Savoy Finance Co. v. De Biase

Pierce, J.

This is an action of contract in which the plaintiff seeks to recover upon a promissory note as set forth in its declaration. The answer is a general denial, payment, want of consideration, and the further answer that the note was void for illegality. At the trial the defendants waived so much of their answer as contained a denial of the genuineness of the signature and denial of the existence of the corporation. The plaintiff offered the note in evidence and rested. “The parties agreed to leave the question of counsel fee to the court, without offering any evidence on that point.”

The case was tried in the Municipal Court of the City of Boston. The report contains all the evidence material to the questions .reported. At the trial the defendants presented twelve requests for findings and rulings. On these requests the trial judge ruled that those numbered 1, 2, 3, 4, 5, 8 and 10 are requests for findings of fact and refused to pass upon them. He ruled that requests numbered 6, 7 and 9 are not applicable to the facts found by him and for that reason denied them. He denied requests numbered 11 and 12 and found for the plaintiff. In the Appellate Division the report was dismissed and the case is before this court on the appeal of the defendants from the decision of the appellate court.
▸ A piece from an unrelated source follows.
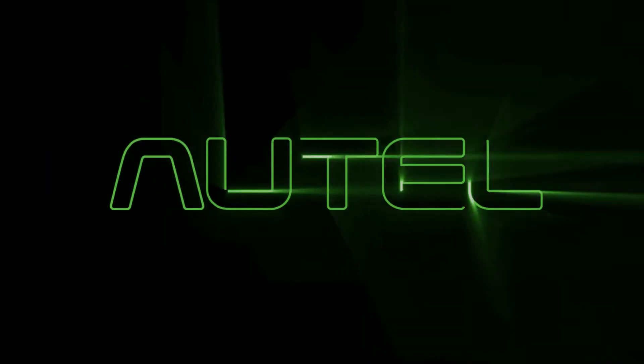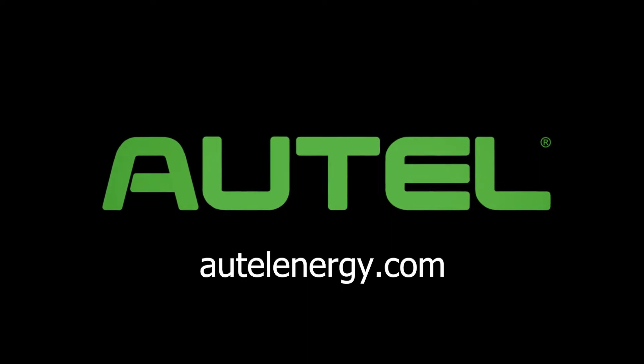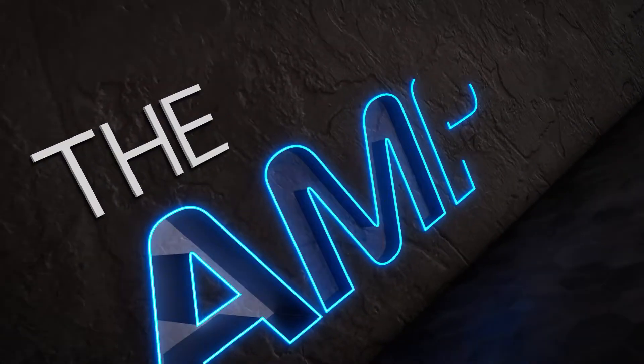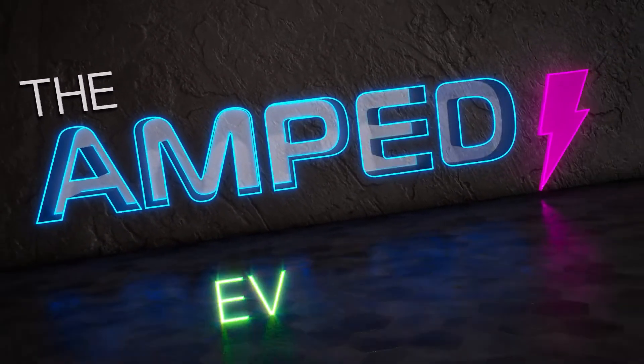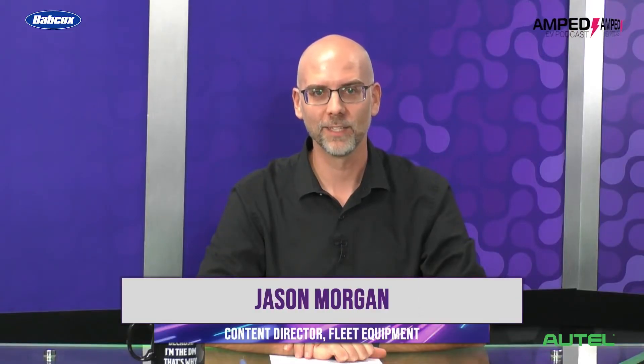The Amped EV Podcast is sponsored by Autel Energy. Visit AutelEnergy.com for more information. Hello and welcome back to the Amped EV Podcast. My name is David Sickles, I am the editor for The Buzz. And I am Jason Morgan, content director for Fleet Equipment.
*429The evidence of the defendants discloses that Enrico De Biase (hereafter referred to as the defendant), the maker of the note in action, on January 31, 1930, was adjudicated a bankrupt; that at that time he was indebted to the plaintiff in the sum of $500 on a promissory note, dated June 7, 1929, secured by a chattel mortgage of the stock and fixtures of his barber shop; that shortly after said adjudication he was requested by the president of the plaintiff corporation to pay the amount due the plaintiff at the time of the said adjudication, and he said he could not pay the note; that after several talks he stated “that the stock market was active and if the plaintiff was willing to loan him $500 with which to ‘play the market/ he would try to make sufficient money to repay the amount owed the plaintiff at the time of his bankruptcy”; that subsequently, on February 27, 1930, an agreement under seal was executed by and between the plaintiff and the defendant. This agreement is referred to in, and attached to, the report. It recites the indebtedness of the defendant to the plaintiff in the sum of $500 upon a promissory note; that the defendant was adjudged a bankrupt on January 31, 1930; that the defendant desires to borrow from the plaintiff an additional sum of $500; and it contains the statement: “Now Therefore, in consideration of the Savoy Finance Co. making said $500.00 additional loan to the said Enrico De Biase, it is understood and agreed” that “Enrico De Biase is to cause to be opened a so-called margin account ... to be carried in the name of said Joseph H. Cinamon on a margin basis of not less than 50%; said Joseph H. Cinamon to buy such securities as said Enrico De Biase may direct upon the aforesaid basis and to sell the same when in the opinion of said De Biase and said Cinamon a sale ought to be made; said account and securities to be in trust for the benefit of said De Biase and as security for the note hereinbefore mentioned.”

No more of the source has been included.